DIFFAMO’ VITO BONO E LA DITTA BOLLARA: CONDANNATO PIPPO TURCO
Oggi pomeriggio il giudice monocratico del Tribunale di Sciacca, Rosario Di Gioia, ha inflitto all’ex sindaco Pippo Turco la condanna a 5 mesi di reclusione (pena sospesa) per diffamazione nei confronti dell’ex sindaco Vito Bono e della ditta Bollara. Inoltre è stato condannato al pagamento delle spese legali quantificate in euro 2.700
Per il risarcimento del danno, il giudice ha rimandato la decisione al giudizio civile. La parte civile rappresentata dall’avvocato Enrico Di Benedetto ha richiesto 50.000 euro per ciascuna delle parti offese.
Il processo di oggi, almeno in questo primo livello di giudizio, si conclude con la riunificazione di due procedimenti giudiziari. Uno nei confronti dell’ex sindaco Vito Bono, l’altro nei confronti della ditta Bollara. E’ stato l’avvocato Luigi La Placa, che prima difendeva Pippo Turco, a richiedere l’unificazione dei due procedimenti. Nel processo attuale, l’ex sindaco è stato difeso dall’ex procuratore di Sciacca, Carrara.

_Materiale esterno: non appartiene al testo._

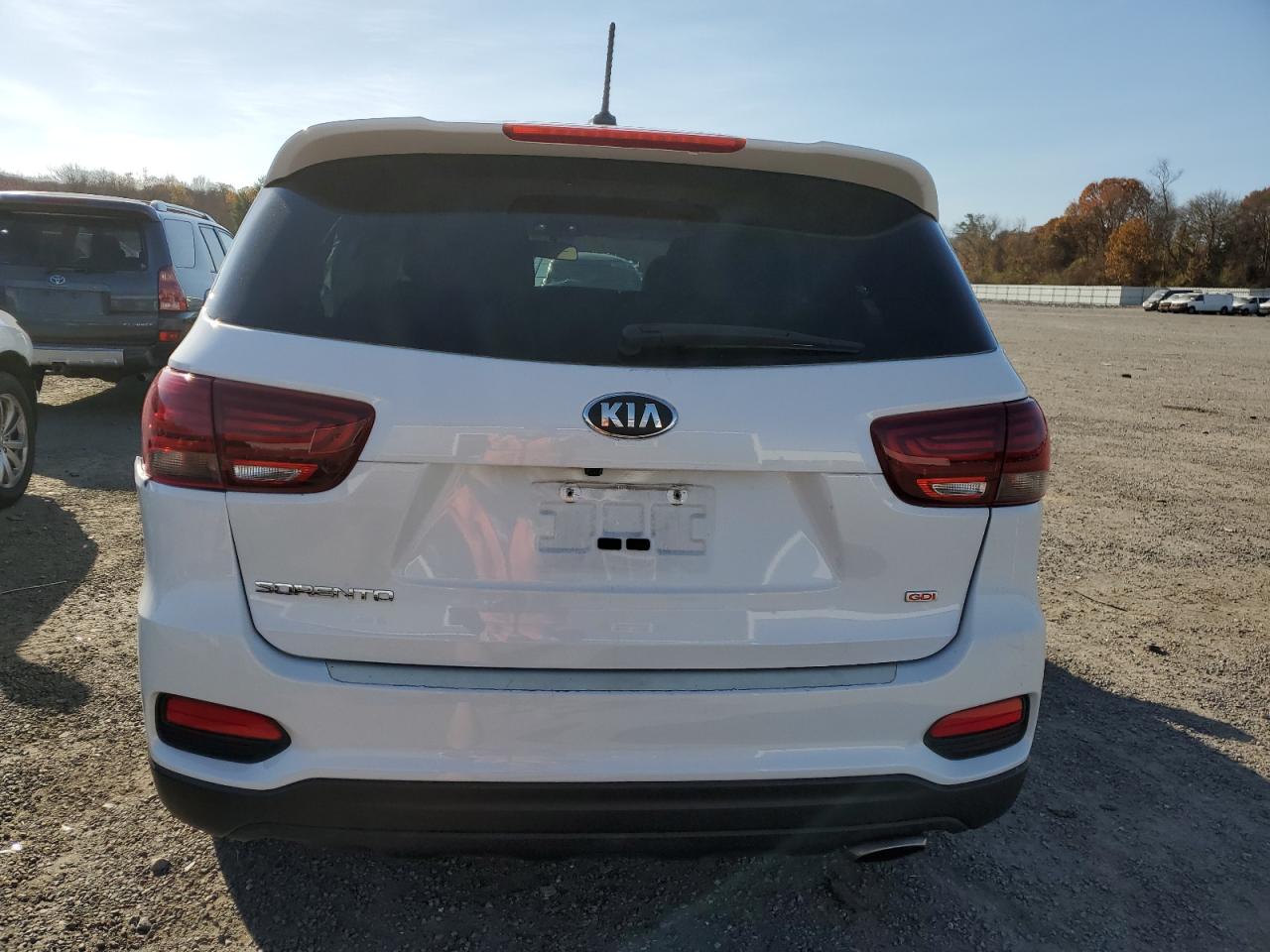 2019 Kia Sorento - Image 6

I fatti risalgono al periodo in cui Vito Bono era sindaco e Pippo Turco consigliere comunale. Quest’ultimo, in un suo intervento in aula, definì l’allora sindaco Vito Bono “un coniglio” e che “si faceva gli affari della famiglia”. Si riferiva al pagamento del debito fuori bilancio, già definito come transazione, di una somma di 700 mila euro che il Comune doveva alla ditta Bollara. Inoltre, nei confronti della ditta Bollara, Turco disse che “si era fatta cambiare la destinazione d’uso dell’immobile”, prima fabbrica di mobili.
In precedenza, nell’ottobre del 2014, Turco fu condannato dal giudice di pace di Sciacca per altra diffamazione all’ex sindaco Vito Bono. Questo procedimento si trova, attualmente, al giudizio della Corte di Cassazione. In questo processo fu condannato al pagamento di una multa di 1200 euro più le spese processuali. Turco in occasione di una seduta del consiglio comunale, seondo il giudice, avrebbe offeso l’onore ed il decoro di Vito Bono, rivolgendogli ad alta voce ed in sua presenza le seguenti espressioni “siamo considerati un paisí picchi avemu un cretino chi ni rappresenta…”. Successivamente si rivolgeva al Bono con fare minaccioso e urlava “…che cosa guardi… che cosa hai da guardare cretino… perché sei cretíno…mi talia puru…chi si mafiusu!…ti fazzu virirí io…”.
Per il legale di Vito Bono, l’avvocato Enrico Di Benedetto, “ci sono stati continui e gravissimi attacchi personali che non hanno precedenti nella storia politica di questa città”.